The Federal Reserve Board announced Wednesday that it would raise interest rates just in time for the new year. During its meeting on Dec. 14, the Federal Open Market Committee voted for a 0.25 percentage-point increase, raising the federal funds interest rate to 0.75 percent. It was the first increase since an identical rate boost at this time last year, which was the first increase in almost a decade.
Yaacov Kopeliovich, assistant professor-in-residence in the Department of Finance, discusses what the increase means for the economy and consumers. Kopeliovich recently left a career in industry to join UConn. Now he instructs students on such current issues as the microstructure of specific markets and the contemporary way that financial institutions manage their financial assets and set their targets.
Q: This week, the Federal Reserve announced a 0.25 percent increase in its benchmark interest rate. Why now?
A: The rate was long coming and shouldn’t surprise anyone. The economic recovery has made a lot of progress in recent months, as seen clearly by the unemployment rates, and only the frustratingly slow growth prevented the Fed from starting the tightening cycle significantly earlier. In recent months, the financial markets have calmed down; Brexit and the U.S. election had a subdued effect on the markets overall. Further, the market reacted positively to the election results.
Q: This is the second rate increase in the past year or so, and three more are predicted for 2017. Are there grounds for supposing that this is a trend that will continue?
A: Absent any shocks, the current environment gave the Fed the green light to start the tightening cycle and raise the short rate by a meager amount. However, the Fed navigates in uncharted waters, and the prediction of three rate hikes may be correct only if the economy does not hit a soft patch.
Q: How will this affect banks, businesses large and small, and the economy at large?
A: The cycle of tightening should be a positive boost for the economy. It signals the consensus that the economy has emerged from the recession that happened in 2008. While growth has been slow compared to the historical potential of the U.S., this can be attributed to structural changes, like the aging of the U.S. population. One of the issues we have faced during this growth cycle is the low participation rate and relatively high unemployment among new employees and college graduates. A continuously improving economy should carry the positive message of more employment opportunities for young people, and have a positive impact on their wages.

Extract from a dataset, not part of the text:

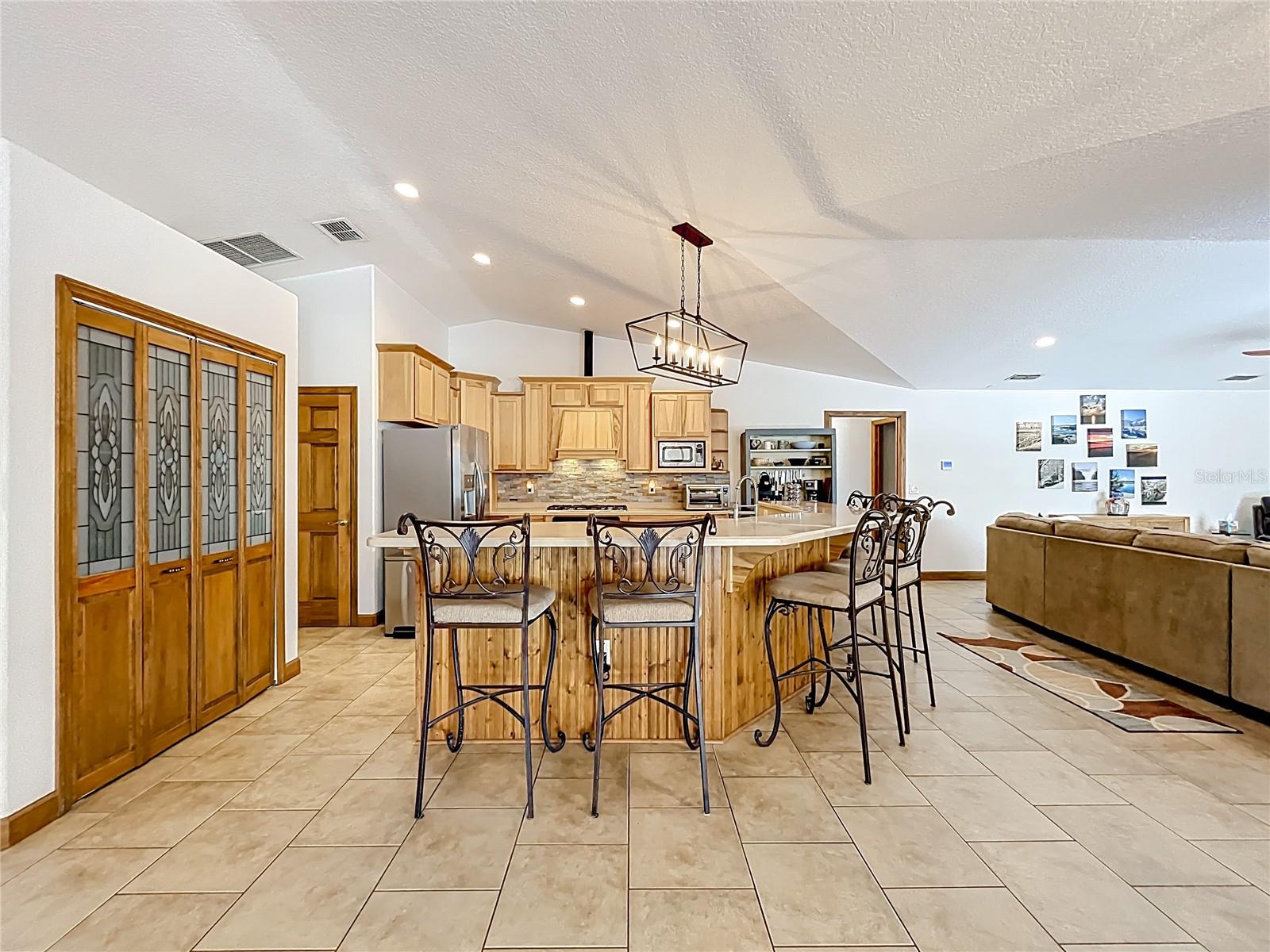 Image 15 of 100 For 527 Sunnyside Drive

Q: How will the rate increase affect consumer loans (e.g. mortgages and car loans), and how soon will the effects kick in?
A: Of course, in the shorter term the increasing rates may be an ominous signal to consumer loans and mortgage activity in the U.S., which will probably drop because of the rising rates environment. But on the other hand, improved economic opportunities should more than compensate for this headwind in the consumer loan and mortgage markets. At the same time, this can also create a very positive environment for retirees and insurance companies who will be able to meet their liability obligations without taking too many financial risks (“yield chasing”). That should improve their overall financial situation, and partially solve the chronic problem of underfunding pension plans.
Q: What does the increase mean for students who need to take out loans to complete their education? And what should families who have kids expecting to go on to higher education over the next few years be doing to keep college affordable?
A: For new entries into college, the rising rates not just on the short end but the longer-term rates as manifested in the 10-year treasury yield are a mixed bag. While affordability of college becomes more challenging, rising rates signal better opportunities in the job market which will increase the chances that these loans will be paid. We must remember that even with the low-rate environment, the default rate of student loans peaked, so that increased rates may not affect the affordability of college as dramatically as some economists predict. The crisis of funding for higher education and rising college costs in the U.S. should be addressed on the structural level.
Q: Can you put this in historical perspective? What have been the historical highs and lows in U.S. interest rates over time, and what has driven them?
A: The tightening cycle is natural for the economy, and long overdue. In the past 30 years, we’ve seen a consistently lower rate environment because of subdued growth and demographic shifts. A return to normal is great news, as it signals that the impact of the great recession is behind us. Finally, the historical 10-year rate (2.6 percent) is still low compared to the longer-term historical average, when it was around 5 percent.